Que vous le fumiez, le chiquiez ou le prisiez, il se régale de votre palais, tapisse vos dents d'une belle teinte jaune pisseux, se love amoureusement dans vos poumons et encrasse avec délectation vos artères. Il vous enchaîne, vous tire par le bout du nez, vous fait la lippe et vous rend fou de lui. Inutile de vous rouler les pouces, pas besoin de jouer les cow-boys invulnérables ni de vous penser indiens avec vos signaux de fumée, le tabac, ce mal sournois, traque ses victimes, attire dans ses rets de nouveaux clients et ruine le porte-feuille encore plus sûrement que la santé. C'est dire à quel point cette feuille est sournoise !
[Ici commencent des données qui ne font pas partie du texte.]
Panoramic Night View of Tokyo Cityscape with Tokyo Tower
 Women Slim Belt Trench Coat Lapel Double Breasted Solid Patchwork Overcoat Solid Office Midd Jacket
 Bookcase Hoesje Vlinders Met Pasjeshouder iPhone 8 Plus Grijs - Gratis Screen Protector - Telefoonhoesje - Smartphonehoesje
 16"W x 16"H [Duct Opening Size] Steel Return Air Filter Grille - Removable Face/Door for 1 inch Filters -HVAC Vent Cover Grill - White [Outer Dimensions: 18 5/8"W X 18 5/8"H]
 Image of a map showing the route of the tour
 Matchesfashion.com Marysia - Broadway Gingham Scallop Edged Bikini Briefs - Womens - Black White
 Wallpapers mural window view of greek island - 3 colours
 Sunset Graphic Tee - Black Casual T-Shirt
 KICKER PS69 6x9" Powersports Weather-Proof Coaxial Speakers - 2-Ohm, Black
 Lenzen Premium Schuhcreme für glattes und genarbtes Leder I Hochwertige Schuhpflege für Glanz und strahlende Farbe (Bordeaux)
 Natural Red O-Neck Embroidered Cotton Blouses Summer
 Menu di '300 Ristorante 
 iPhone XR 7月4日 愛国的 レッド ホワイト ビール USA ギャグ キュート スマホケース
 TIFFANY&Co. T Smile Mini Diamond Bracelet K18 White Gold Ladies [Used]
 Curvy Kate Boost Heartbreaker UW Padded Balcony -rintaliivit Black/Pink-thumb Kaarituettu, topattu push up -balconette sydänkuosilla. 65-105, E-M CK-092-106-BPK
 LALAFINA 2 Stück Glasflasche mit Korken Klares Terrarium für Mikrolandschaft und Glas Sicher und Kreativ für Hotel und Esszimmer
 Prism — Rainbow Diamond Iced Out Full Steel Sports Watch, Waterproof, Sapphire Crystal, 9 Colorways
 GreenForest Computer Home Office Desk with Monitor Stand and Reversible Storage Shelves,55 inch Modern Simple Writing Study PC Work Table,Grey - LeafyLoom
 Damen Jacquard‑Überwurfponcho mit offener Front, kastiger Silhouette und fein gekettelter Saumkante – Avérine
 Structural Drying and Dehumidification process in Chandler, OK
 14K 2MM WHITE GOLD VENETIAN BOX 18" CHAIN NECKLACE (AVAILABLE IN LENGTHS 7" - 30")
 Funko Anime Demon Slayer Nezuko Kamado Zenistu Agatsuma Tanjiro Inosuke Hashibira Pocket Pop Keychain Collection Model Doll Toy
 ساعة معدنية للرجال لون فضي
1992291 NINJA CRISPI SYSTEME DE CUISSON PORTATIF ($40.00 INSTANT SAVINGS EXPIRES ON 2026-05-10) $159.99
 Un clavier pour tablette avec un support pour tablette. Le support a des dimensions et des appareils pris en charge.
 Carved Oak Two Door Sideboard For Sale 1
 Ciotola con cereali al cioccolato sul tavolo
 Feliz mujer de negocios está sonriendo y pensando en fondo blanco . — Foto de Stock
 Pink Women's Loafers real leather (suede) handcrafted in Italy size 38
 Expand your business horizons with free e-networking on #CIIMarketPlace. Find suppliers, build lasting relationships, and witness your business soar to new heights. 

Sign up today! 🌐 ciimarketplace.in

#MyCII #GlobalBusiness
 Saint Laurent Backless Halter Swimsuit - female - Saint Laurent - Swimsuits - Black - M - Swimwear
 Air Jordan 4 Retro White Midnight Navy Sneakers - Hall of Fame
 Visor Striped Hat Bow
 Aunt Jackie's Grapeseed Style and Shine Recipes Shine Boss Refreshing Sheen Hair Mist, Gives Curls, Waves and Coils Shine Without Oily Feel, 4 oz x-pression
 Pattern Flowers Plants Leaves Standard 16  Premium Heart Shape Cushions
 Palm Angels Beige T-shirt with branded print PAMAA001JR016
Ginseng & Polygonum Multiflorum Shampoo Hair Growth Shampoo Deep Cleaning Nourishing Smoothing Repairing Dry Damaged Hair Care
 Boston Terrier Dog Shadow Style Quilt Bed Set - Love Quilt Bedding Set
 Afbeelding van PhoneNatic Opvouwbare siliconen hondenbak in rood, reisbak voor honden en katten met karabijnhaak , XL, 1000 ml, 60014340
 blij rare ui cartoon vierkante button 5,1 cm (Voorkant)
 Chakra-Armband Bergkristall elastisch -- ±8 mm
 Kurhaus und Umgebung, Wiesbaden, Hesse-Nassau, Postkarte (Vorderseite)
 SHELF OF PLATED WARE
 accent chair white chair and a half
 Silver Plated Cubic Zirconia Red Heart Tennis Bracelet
C'est un don de Colomb, une plante revenue de ses expéditions d'au delà des portes de l'enfer. C'est d'ailleurs un beau cadeau du diable que cette plante là. L'herbe à Nicot vous prend la tête, vous asservit bien plus vite que toutes les autres drogues. Il n'y a pas pire dépendance. La nicotine se fait dopamine, elle vous donne tant de plaisir que vous ne pouvez plus vous en passer. C'est elle qui met le feu aux poudres.

Le manque, c'est le délire de celui qui n'a plus de cigarettes dans son paquet. Il lui faut absolument se mettre sa clope à la bouche. Il ira se garer en double file, risquer l'accident pour acheter son paquet fardeau. Il taxera amis ou voisins pour avoir sa dose. C'est qu'il est bon citoyen et qu'il tient à payer plus que sa part aux contributions fiscales.

Pour amuser la galerie, pour parfaire le poison mortel, pour piéger le gogo, les gentils manufacturiers, les fabricants « philanclopes » ajoutent de l'ammoniaque et des arômes. Ne reculant devant aucun sacrifice humains, dans cette merveilleuse petite fumée blanche, cinq milles substances viennent vous distiller leur venin par de savants mélanges de sauces et de venins. Que du bonheur en quelque sorte.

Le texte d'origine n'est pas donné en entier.